● Assignment
The following data is to be repeated exactly, its pictures excluded.

(Records provided begins)

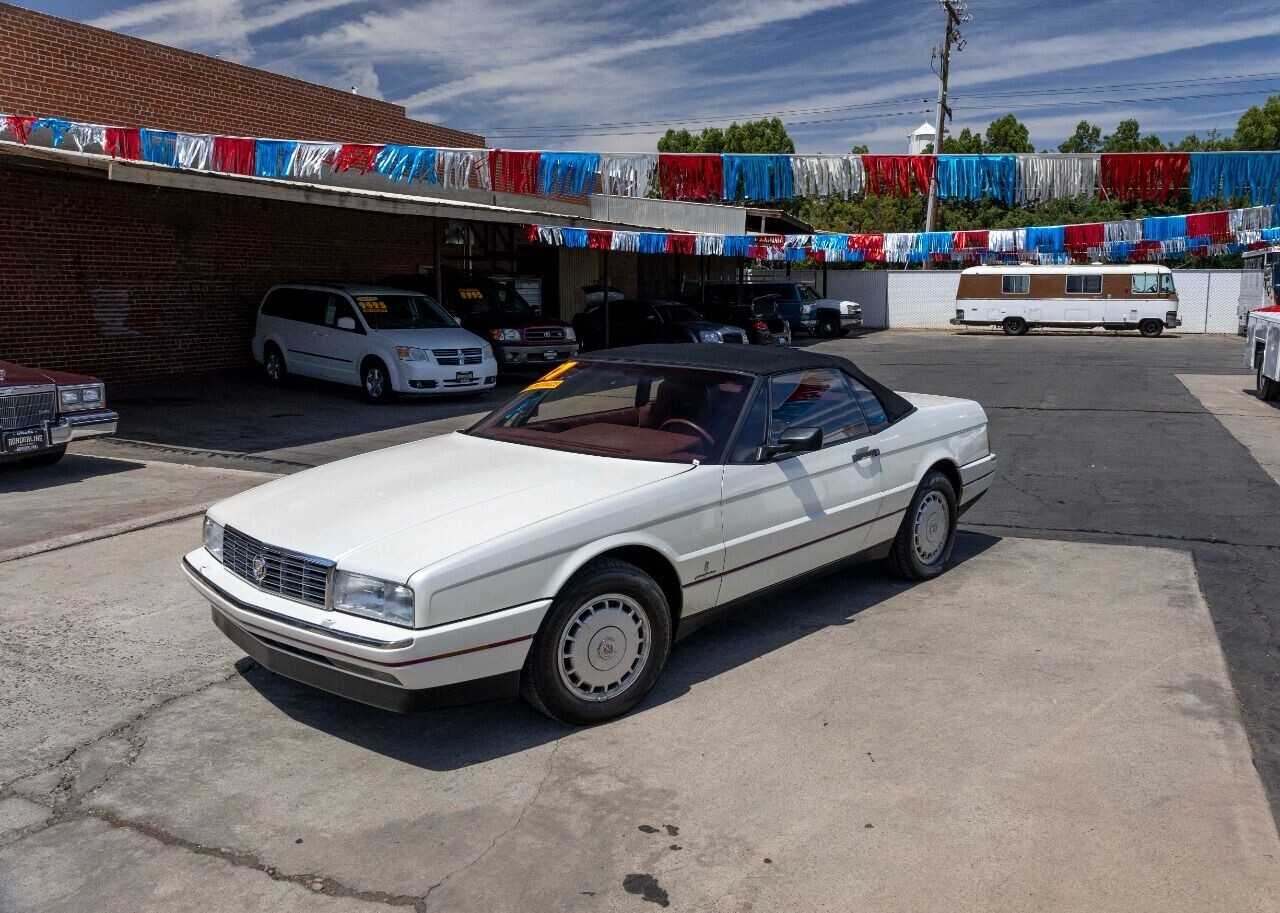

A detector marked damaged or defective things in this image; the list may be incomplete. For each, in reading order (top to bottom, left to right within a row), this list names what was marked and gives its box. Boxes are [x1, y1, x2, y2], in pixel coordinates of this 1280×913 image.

crack in pavement [0, 665, 432, 906]
crack in pavement [422, 737, 563, 906]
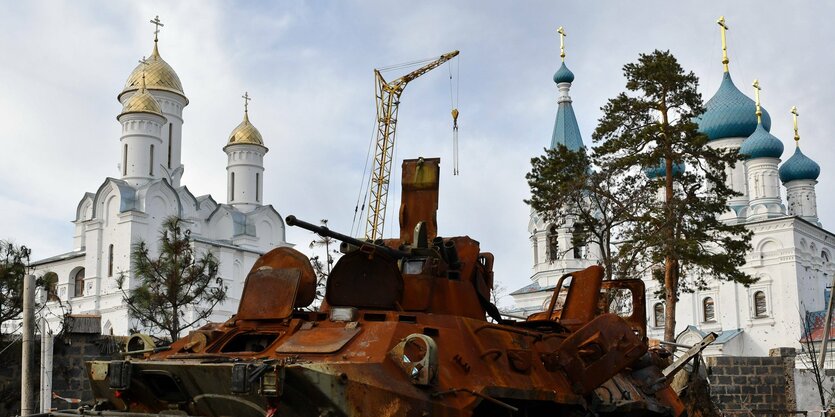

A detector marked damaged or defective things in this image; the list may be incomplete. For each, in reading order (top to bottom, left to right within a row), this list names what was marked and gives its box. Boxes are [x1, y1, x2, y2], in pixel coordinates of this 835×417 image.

rusty metal panel [278, 326, 362, 352]
burnt metal debris [57, 157, 684, 416]
rusted armored vehicle [73, 157, 684, 416]
peeling rusted surface [76, 157, 684, 416]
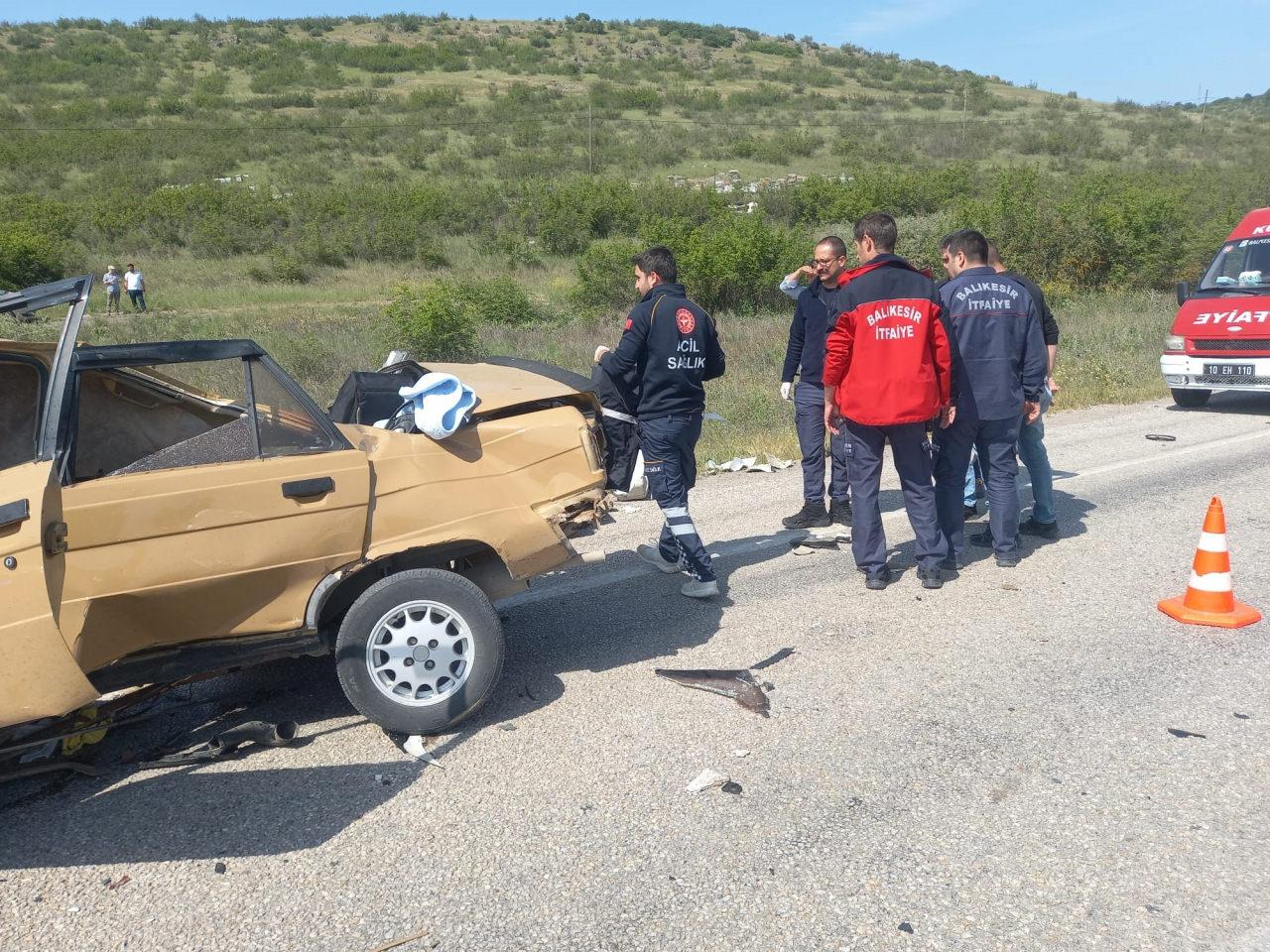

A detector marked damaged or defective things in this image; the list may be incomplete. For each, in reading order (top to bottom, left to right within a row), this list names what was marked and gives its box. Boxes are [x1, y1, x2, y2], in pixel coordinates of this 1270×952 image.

shattered windshield [1199, 237, 1270, 293]
wrecked gold car [1, 275, 604, 736]
front wheel of wrecked car [337, 571, 505, 736]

(Records provided ends)

● Result of this task
A detector marked damaged or defective things in this image; the list may be incomplete. For each, in reading order (top to bottom, left to right within a row), this list names what was marked and gives its box. Boxes are [x1, y1, x2, y2], in pixel coordinates of this 1280×913 image.

crack in pavement [0, 665, 432, 906]
crack in pavement [422, 737, 563, 906]

A detector marked damaged or defective things in this image; the list may be incomplete. For each, in reading order (top to bottom, left to right within a row), this list names what was marked and gives its box. Boxes are [x1, y1, x2, y2], in pixel coordinates of this 835×417 image.

rusty metal panel [278, 326, 362, 352]
burnt metal debris [57, 157, 684, 416]
rusted armored vehicle [73, 157, 684, 416]
peeling rusted surface [76, 157, 684, 416]

A detector marked damaged or defective things in this image; the list may be incomplete. For each, in reading order (top to bottom, left to right within a row), this list names what was marked and gives its box. Boxes are [x1, y1, x2, y2], in pixel coordinates of this 1270×952 image.

shattered windshield [1199, 237, 1270, 293]
wrecked gold car [1, 275, 604, 736]
front wheel of wrecked car [337, 571, 505, 736]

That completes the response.